Dans le champ de la communication de masse, les analyses américaines classiques se sont avant tout attachées à relever différences et concordances entre l'univers décrit par les mass media et l'univers « réel » de l'audience. Ainsi, on a pu montrer que les héros de certaines fictions se situent presque exclusivement dans les groupes ethniques et socio-professionnels dont le prestige est le plus élevé. Certains types de contenus excluent systématiquement les thèmes angoissants tels que mort, maladie, vieillesse, problèmes politiques et sociaux, chômage, etc. D'une façon plus générale, les analyses de contenu ont mis en lumière la conformité de certains types de messages des mass media avec des stéréotypes sociaux, moraux, culturels divers. De nombreuses données diachroniques ont fait apparaître l'évolution au cours du temps de la thématique ou des valeurs (L. Lowenthal, 1944).

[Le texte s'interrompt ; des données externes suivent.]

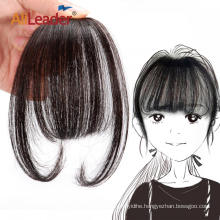 Virgin Hair Hand-made Bangs One-Clip On Hair Extension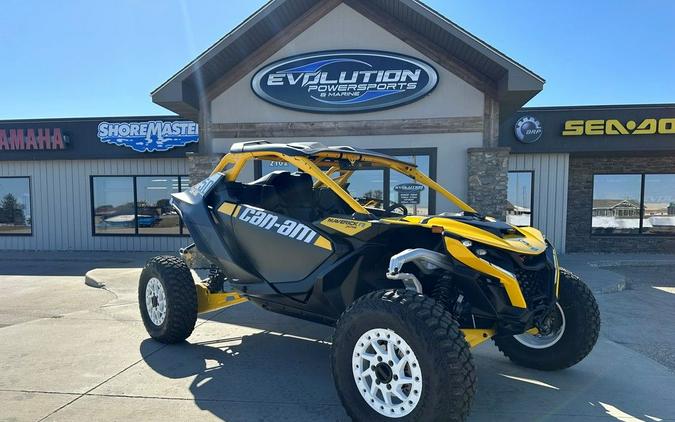 2024 Can-Am® Maverick R X RS Carbon Black & Neo Yellow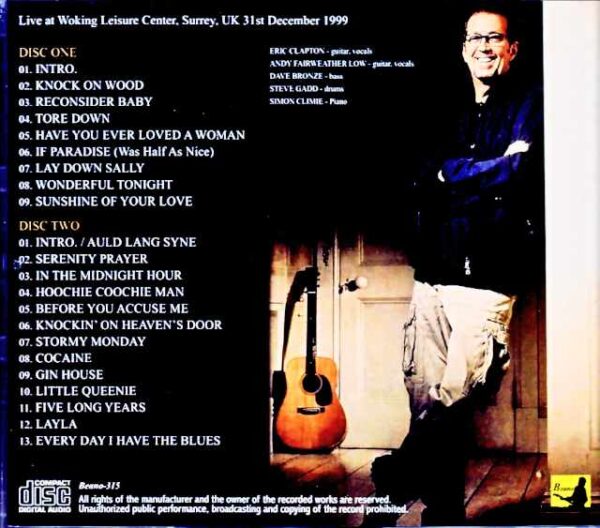 Eric Clapton/England,UK 12.31.1999 Complete Upgrade - Image 2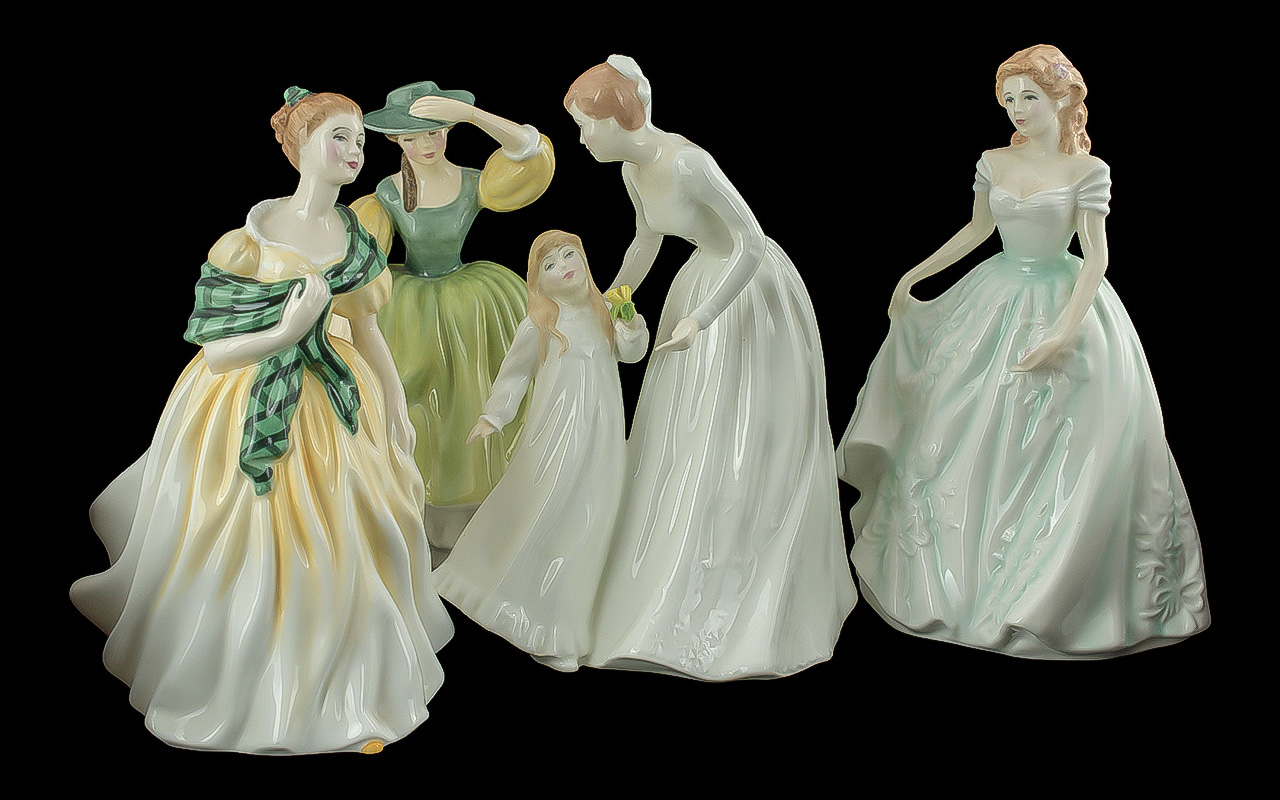 Royal Doulton Collection of Hand Painted Figures ( 4 ) In Total. Comprises 1/ Buttercup, HN2309.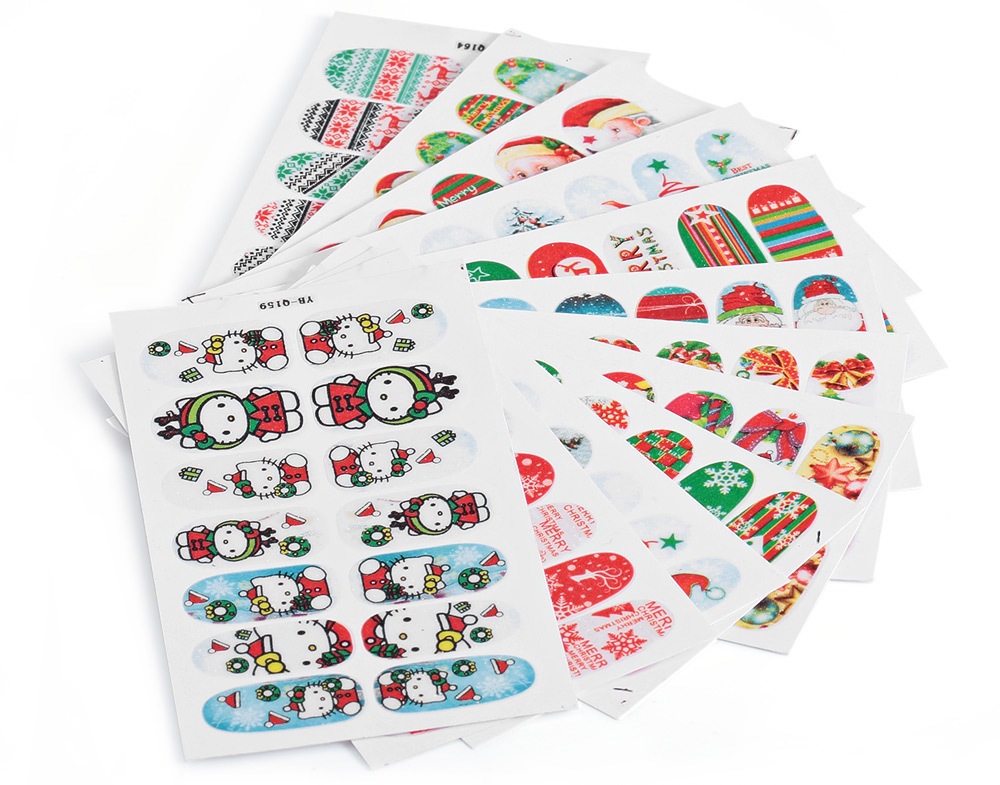 12 Color 3D Stereo Christmas Manicure Jewelry Decal Nail Sticker- 167#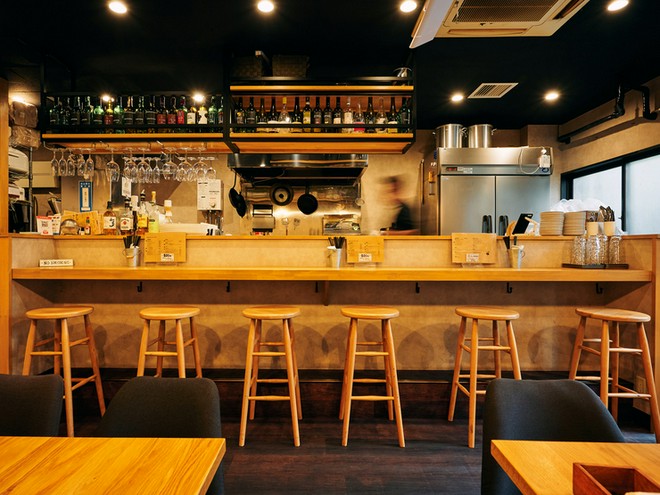 カウンター席がある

La conception naturaliste présidant à ces recherches (le contenu est comparable à la vie « réelle ») n'a pas nécessairement fait obstacle à la description de messages à faible tonalité symbolique. Mais les résultats acquis par cette voie ne paraissent pas pouvoir être étendus avec profit aux messages fortement symboliques : de fait, dans le domaine des fictions les plus caractérisées, comme par exemple le cinéma, les analyses les plus convaincantes ont cherché à élaborer le contenu latent de la communication, en faisant appel à des données non quantitatives, par exemple d'ordre esthétique, psychanalytique ou anthropologique (M. Wolfenstein et N. Leites, 1950). De divers côtés et à des titres divers, d'autre part, on s'est accordé à reconnaître l'importance fondamentale de faits relevant du genre ou de la structure des œuvres diffusées par les moyens de communication de masse.
Le terme de « culture de masse » a été fréquemment utilisé pour désigner l'ensemble des contenus les plus caractéristiques des mass media, considérés comme formant un type original de culture.